= PROBLEM TO WORK ON =
Give an unaltered copy of the listing below, minus its pictures.
BEGIN SOURCE DATA
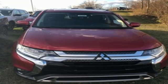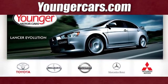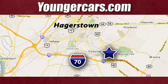If you've been waiting for the perfect time for a test drive, the time is now. Experience it today. Visit our website at YoungerCars.com. We're conveniently located at 1945 Dual Highway in Hagerstown, Maryland.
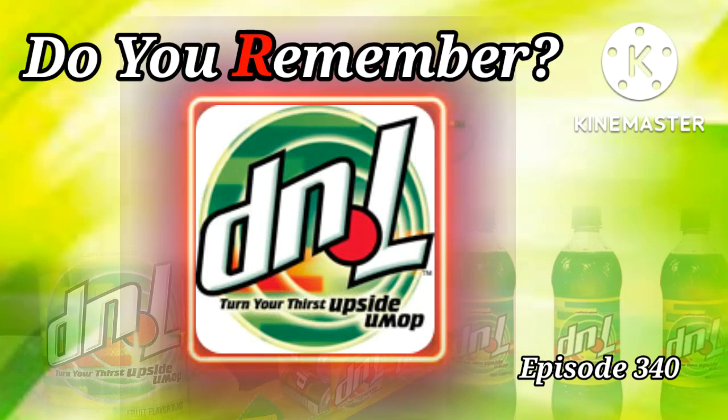D&L soda was a soft drink brand that was introduced in 2002 and discontinued in 2005. Thank you, Dilver Lazama, for your suggestion.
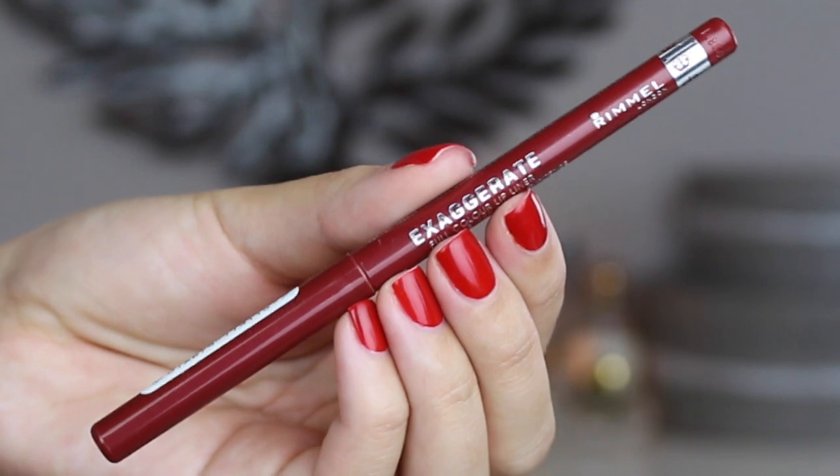On to that amazing red lip. I am starting out with my Rimmel Exaggerate Lip Liner in the shade Ravish. Basically you see these in every single one of my tutorials because they are my all time favorite lip liners. They work so amazingly, they are easy to use and really just give your lipstick complete staying power. I am pretty sure I have these in every single color. So as you can see I am lining my lips and then filling them in.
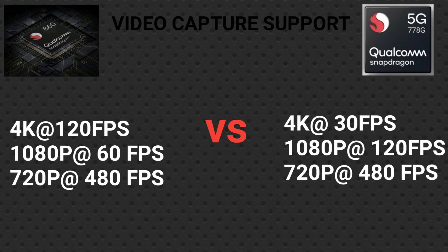For video capture, the Snapdragon 860 supports 4K at 120fps, 1080p at 60fps, and 720p at 480fps. The Snapdragon 778G supports 4K at 30fps, 1080p at 120fps, and 720p at 480fps.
END SOURCE DATA
= RESPONSE BELOW =
If you've been waiting for the perfect time for a test drive, the time is now. Experience it today. Visit our website at YoungerCars.com. We're conveniently located at 1945 Dual Highway in Hagerstown, Maryland.
D&L soda was a soft drink brand that was introduced in 2002 and discontinued in 2005. Thank you, Dilver Lazama, for your suggestion.
On to that amazing red lip. I am starting out with my Rimmel Exaggerate Lip Liner in the shade Ravish. Basically you see these in every single one of my tutorials because they are my all time favorite lip liners. They work so amazingly, they are easy to use and really just give your lipstick complete staying power. I am pretty sure I have these in every single color. So as you can see I am lining my lips and then filling them in.
For video capture, the Snapdragon 860 supports 4K at 120fps, 1080p at 60fps, and 720p at 480fps. The Snapdragon 778G supports 4K at 30fps, 1080p at 120fps, and 720p at 480fps.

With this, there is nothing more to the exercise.